Au point de vue moral, comme au point de vue politique, pour qui considère les sentimens et les idées, les bases spirituelles sur lesquelles reposent les sociétés, je ne vois rien de moins féodal que la France contemporaine. En est-il autrement, sous le rapport économique, quand on examine la diffusion de la richesse et de la propriété ? Si l’industrie et la finance modernes n’ont pas su ramener les sociétés contemporaines à l’esprit hiérarchique du moyen âge ; si le banquier et le manufacturier n’ont pas su créer, dans l’État, le « pouvoir industriel » rêvé par Saint-Simon, est-il vrai que la concentration des capitaux a reconstitué une sorte de féodalité matérielle, d’autant plus lourde et plus oppressive qu’étant sans âme et sans tradition, elle a tous les vices de la féodalité ancienne, sans en connaître les devoirs et sans en posséder les vertus ?

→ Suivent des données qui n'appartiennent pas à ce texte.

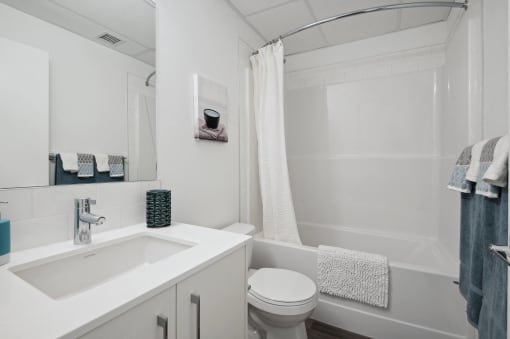 a small bathroom with a sink toilet and shower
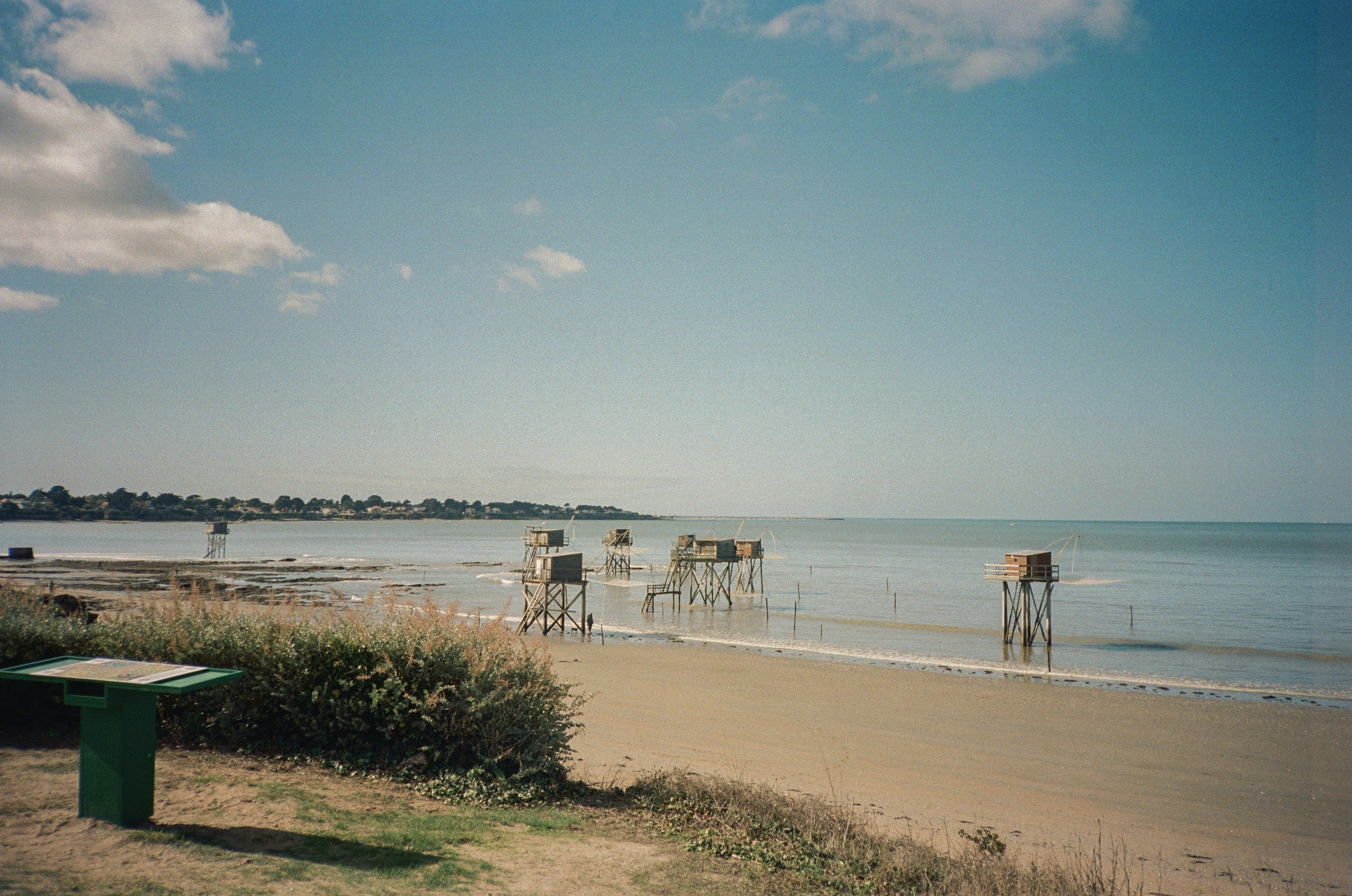 Beach huts on stilts at low tide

Aux yeux du grand nombre, aux yeux de tous ceux qui jugent d’après les apparences, la chose est claire. En dépit de la suppression des privilèges, malgré les lois de succession qui semblaient devoir assurer le morcellement des fortunes, la richesse tend, de nouveau, à se ramasser aux mains de quelques-uns. Industrie, finance, commerce, les petits sont partout dévorés par les grands. L’argent va à l’argent, comme le fer à l’aimant ; la fortune mobilière tourne à un monopole de fait, au profit de quelques hauts et puissans seigneurs qui accaparent toute la richesse publique et tiennent dans leur dépendance les peuples et les gouvernemens. Les masses populaires sont asservies, les classes moyennes sont menacées de disparaître. Comme la grande féodalité s’était constituée aux dépens des possesseurs de petits fiefs, on nous assure que la moderne féodalité, industrielle et financière, se constitue, sous nos yeux, aux dépens de la petite bourgeoisie[1]. C’est là un des axiomes du socialisme ; et c’est devenu un des lieux communs favoris des moralistes de la chaire et du journal.

On va répétant que la richesse s’accumule dans les coffres-forts de quelques Crésus, et que le « capitalisme » aboutit à l’enrichissement des riches et à l’appauvrissement des pauvres. Le pape Léon XIII, lui-même, n’a pas craint de nous représenter la richesse « affluant dans la main du petit nombre, tandis que l’indigence reste le lot de la multitude ; divitiarum in exiguo numero

  1. Ainsi, par exemple, M. E. Drumont, la Fin d’un monde, p. 51.